MMoE: Enhancing Multimodal Models with Mixtures of Multimodal Interaction Experts
Haofei Yu, Zhengyang Qi, Lawrence Jang, Ruslan Salakhutdinov, Louis-Philippe Morency, Paul Pu Liang
TL;DR
MMoE tackles the limitation of monolithic multimodal models by introducing a mixtures-of-experts approach that handles distinct interaction types between vision and language. Data points are categorized into redundancy, uniqueness, and synergy, with three specialized experts trained on corresponding subsets and combined via a learned fusion mechanism at inference. The method achieves state-of-the-art results on sarcasm and humor detection datasets (MUStARD and URFunny) across multiple backbone models, and shows robust improvements especially for weaker models and harder tasks.
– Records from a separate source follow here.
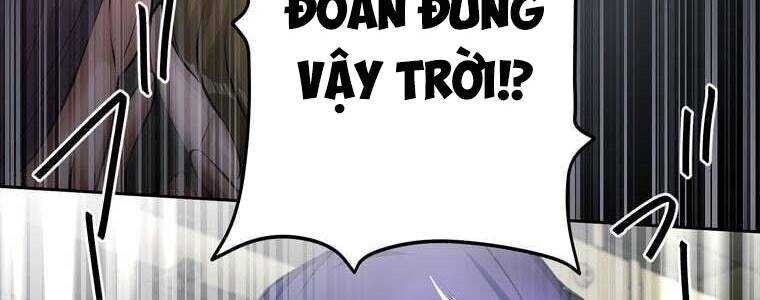 Giáo Viên Ác Quỷ Saiko Chapter 59 - Trang 2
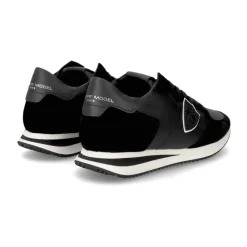 DAMES Philippe Model Sneakers Trpx Running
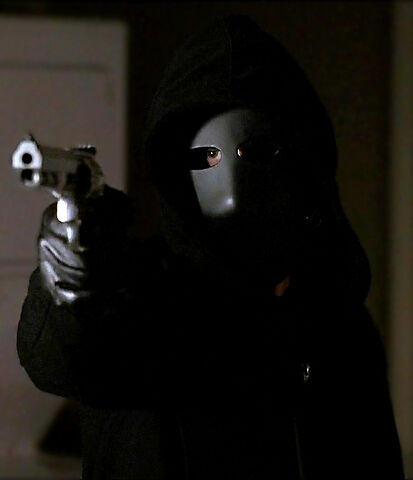 File:Reaper22.jpg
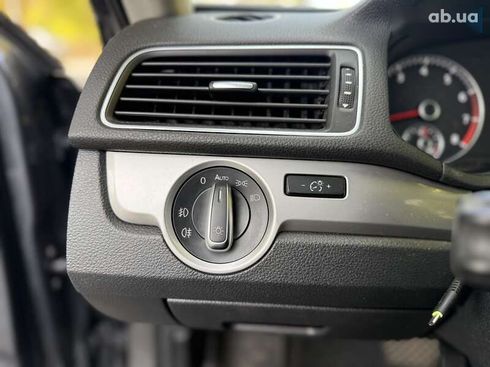 Volkswagen Passat 2014 - фото 28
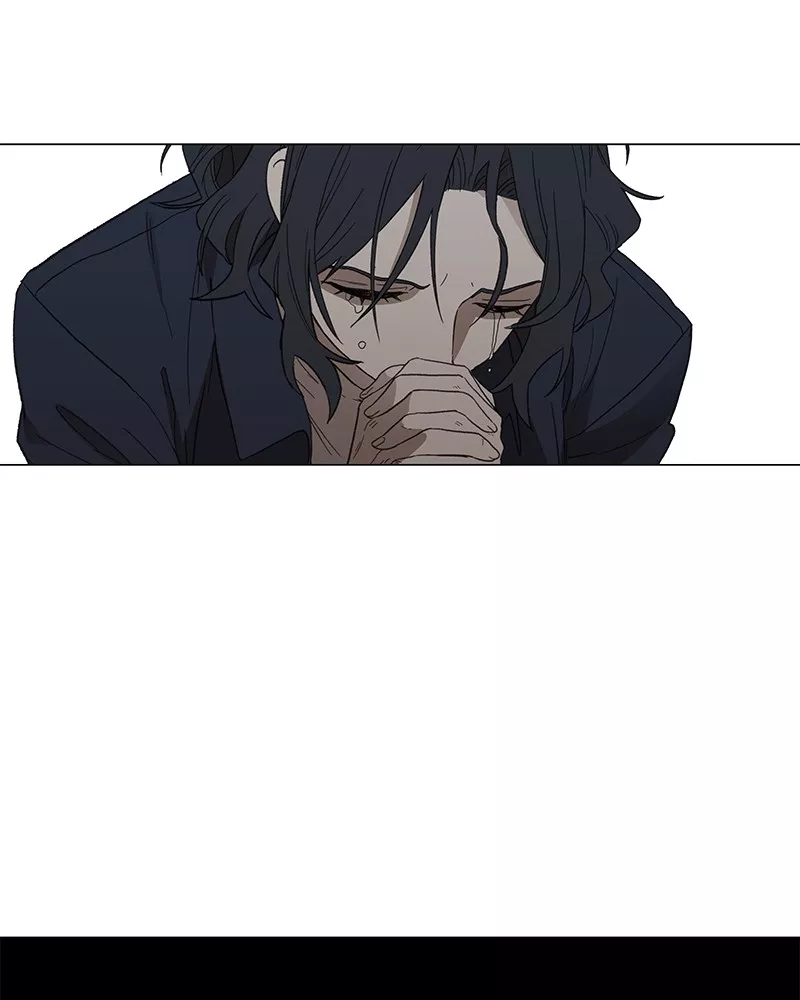 The Boxer, chapter 72, image 152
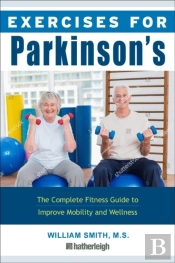 Exercises For Parkinson'S Disease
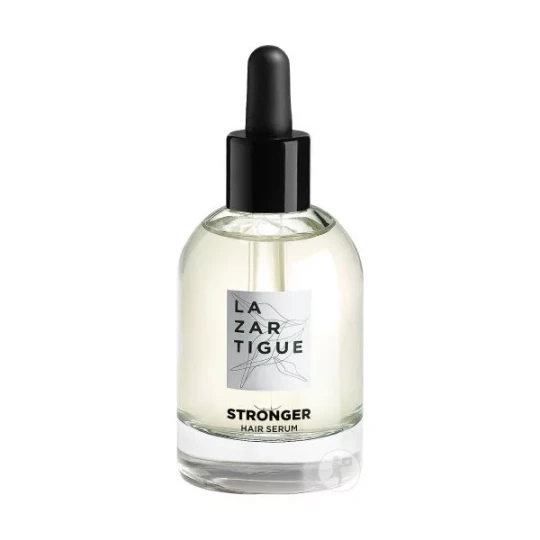 Lazartigue Stronger Sérum Anti-Chute 50 ml
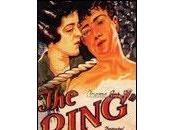 Ring (1927)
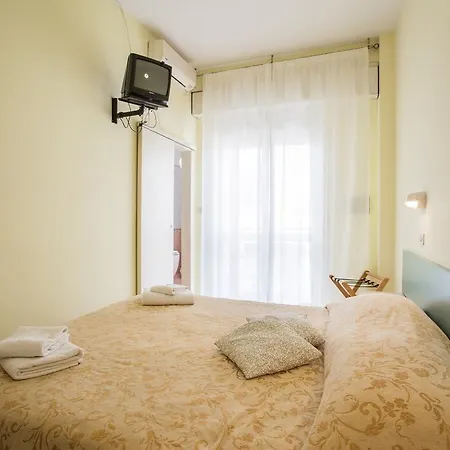 Sant'angelo Hotel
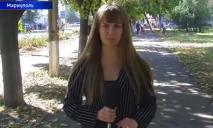 Студентка из Днепра, которую искали всем факультетом, теперь работает журналисткой на пропагандистов в Мариуполе.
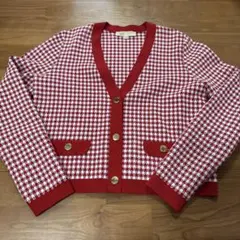 Item thumbnail for item 42d56bdb-f621-4568-b7f0-1c96df08bf97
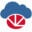 UniCloud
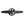 TruVativ Cranksets and Arms 170Mm TruVativ Descendant 7K Eagle Aluminum SuperBoost + Crankset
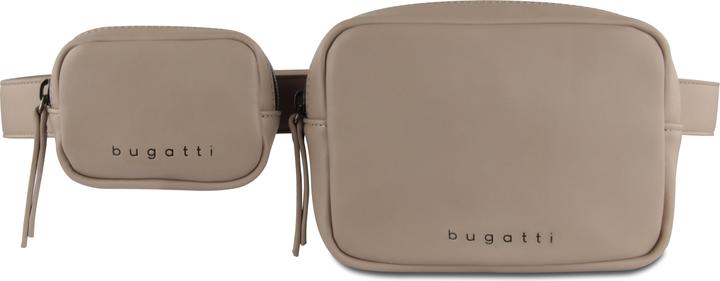 Bugatti Sac banane Almata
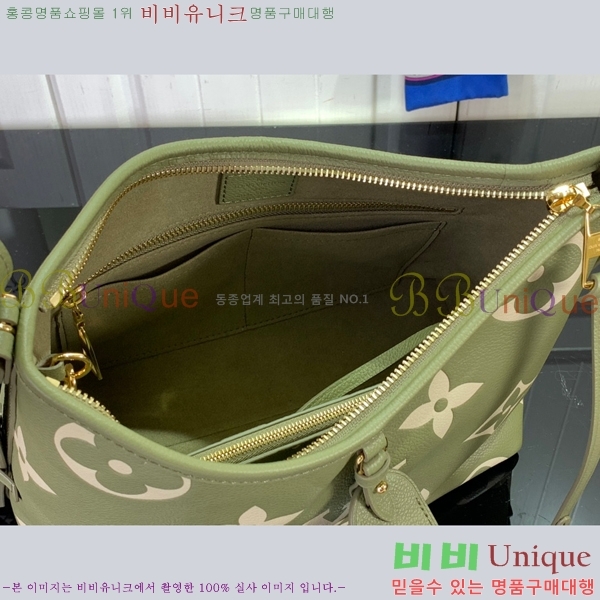 #���̺��� ĳ���� PM M46672-100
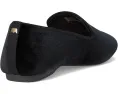 Birdies Starling Velvet Flat бархатные балетки с семислойной стелькой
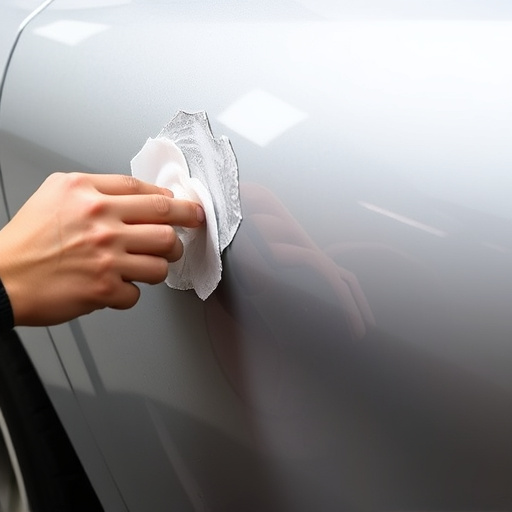 dent-removal-process-640x480-23510907.jpeg
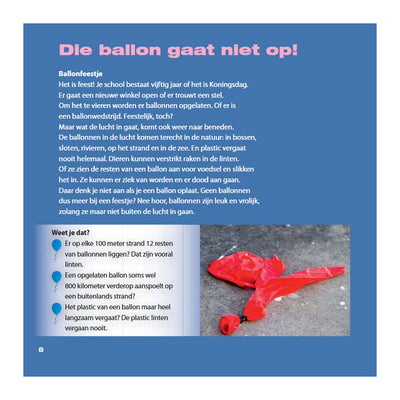 Die Plastiksuppe des WPG-Verlags ist Schrott! -avi m6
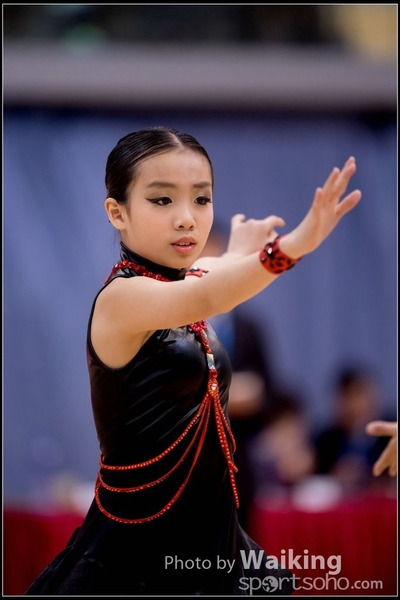 2017-02-25 Dance 0191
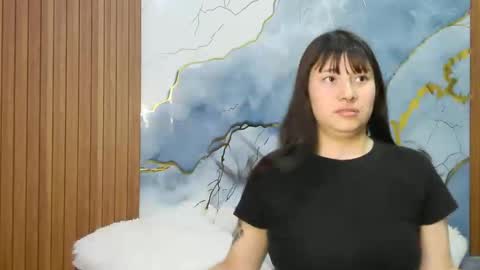 Snapshot of zulemapiel chatting on June 2026 02:16:02 AM zulemapiel online show from June 2026 02:16:02 AM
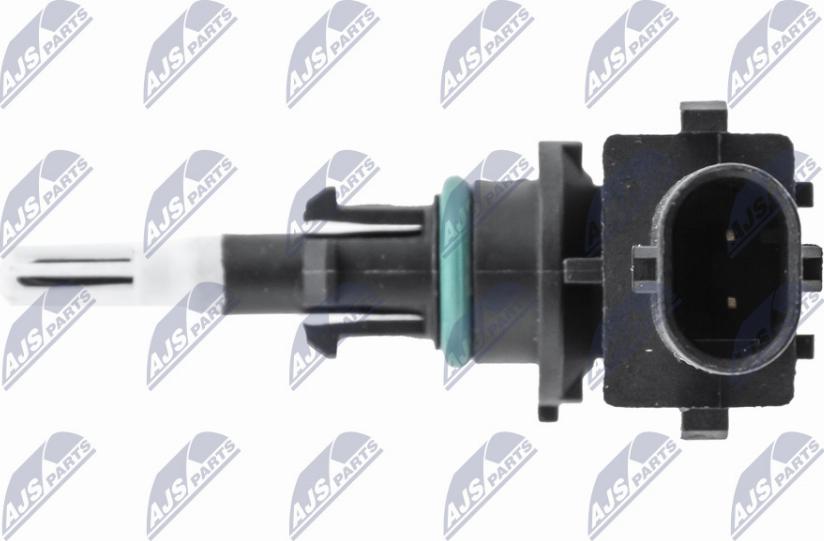 NTY ECT-BM-017 - Датчик, температура впускається autozip.com.ua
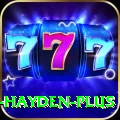 matthew hayden King v5.8.4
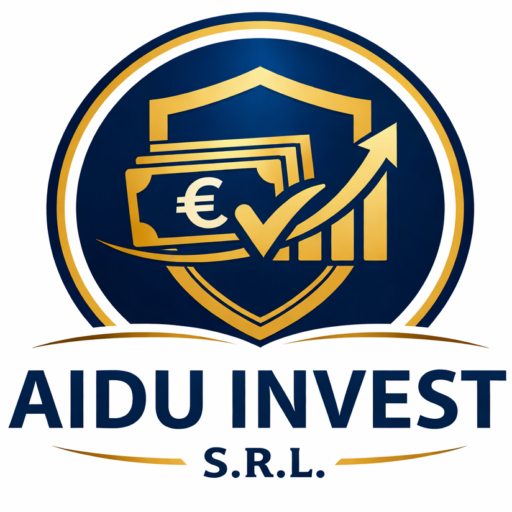 Aidu Invest Srl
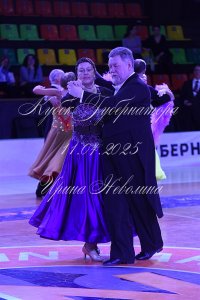DSC_3981.JPG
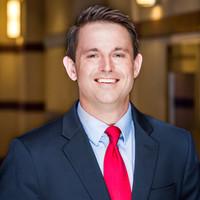 Chad Thornton, photo 2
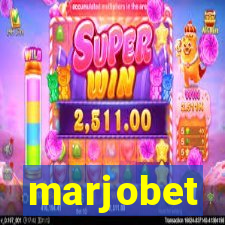 marjobet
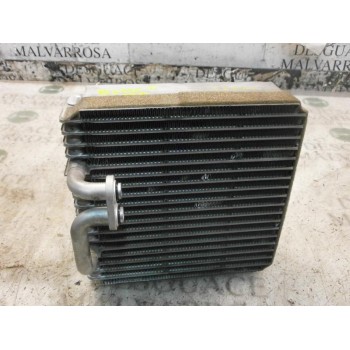 EVAPORADOR AIRE ACONDICIONADO 0K55261R02A 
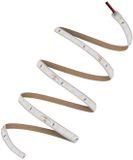 Ledvance LED Strip 5M | 40W 2700K 24V IP66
The findings highlight the practical value of interaction-aware routing and fusion in multimodal prediction, while outlining future work on finer-grained interaction types and broader modalities.
Abstract
Advances in multimodal models have greatly improved how interactions relevant to various tasks are modeled. Today's multimodal models mainly focus on the correspondence between images and text, using this for tasks like image-text matching. However, this covers only a subset of real-world interactions. Novel interactions, such as sarcasm expressed through opposing spoken words and gestures or humor expressed through utterances and tone of voice, remain challenging. In this paper, we introduce an approach to enhance multimodal models, which we call Multimodal Mixtures of Experts (MMoE). The key idea in MMoE is to train separate expert models for each type of multimodal interaction, such as redundancy present in both modalities, uniqueness in one modality, or synergy that emerges when both modalities are fused. On a sarcasm detection task (MUStARD) and a humor detection task (URFUNNY), we obtain new state-of-the-art results. MMoE is also able to be applied to various types of models to gain improvement.